On green business, proposed by the African Group, delegates continued negotiations on Saturday. Points of contention included:

  • whether to refer to “green” or “sustainable” business in all instances;
  • whether to describe sustainable business as enhancing resource efficiency while addressing climate change; and
  • whether “low-carbon” or “cleaner production” is a fundamental driver of sustainable business.

Discussions on these points continued informally. On Sunday, the group considered revised text on remaining issues. They discussed whether to refer to “green bonds,” and one developed country opposed language on technology transfer with reference to upscaling sustainable business practices.

On SCP in a circular economy, delegates agreed on Friday to acknowledge “a more circular economy” as an example of a sustainable economic model, and to mention the role of governments at all levels in promoting pathways to SCP through sustainable public procurement. They differed over language suggesting that a more circular economy can contribute to “a no-waste economy.” On Saturday, they debated issues including whether to designate a “World Circular Economy and Resource Efficiency Day,” or consider establishing this as a theme for a forthcoming World Environment Day. They also discussed whether to request UNEP to submit a report on “best” or “good” practices related to “eco” or “sustainable” design. On Sunday, the remaining points of contention included: the definition of “sustainable finance” in relation to environmental, social, and governance considerations; and a proposal to create a task group comprising the International Resource Panel and members of the One Planet Network to fill knowledge gaps on SCP, without duplicating existing work. Delegates agreed to forward the draft with some remaining issues to UNEA-4.
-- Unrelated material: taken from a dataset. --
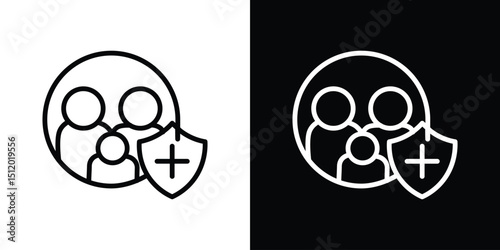 Family insurance icon. Simple element illustration. outline and flat symbol design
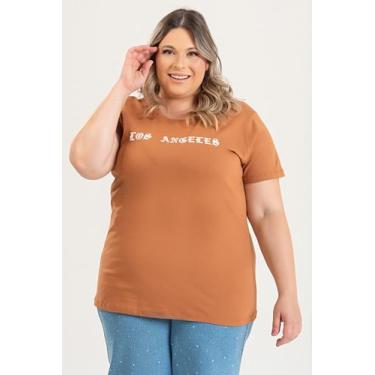 Imagem de T-shirt Feminina Plus Size em Malha Algodão c/ Estampa "LOS ANGELES" -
Cluster 2: Resource efficiency, chemicals and waste: The group addressed the four resolutions outstanding on: the environmentally solid management of waste; the sound management of chemicals and wastes; single-use plastics; and marine litter and microplastics. None of these were fully agreed.

On single-use plastics, the group agreed to:

  • invite Member States to work together with industry to encourage the private sector to innovate and find affordable and environmentally friendly alternatives;
  • encourage governments and the private sector to promote more resource-efficient design, production, use and sound management of plastics across their lifecycle;
  • encourage Member States to take comprehensive action regarding single-use plastics; and
  • and invite Member States, intergovernmental organizations, the scientific community, NGOs, the private sector and other stakeholders to enhance cooperation in scientific research and the development of environmentally sound alternatives.

Still not resolved are the paragraphs calling for reduction or phase-out, and the article requesting specific tasks of UNEP. After informal talks, delegations requested time to consult their capitals before agreeing to possible compromise formulations, so the resolution will be forwarded to UNEA-4 with the bracketed text.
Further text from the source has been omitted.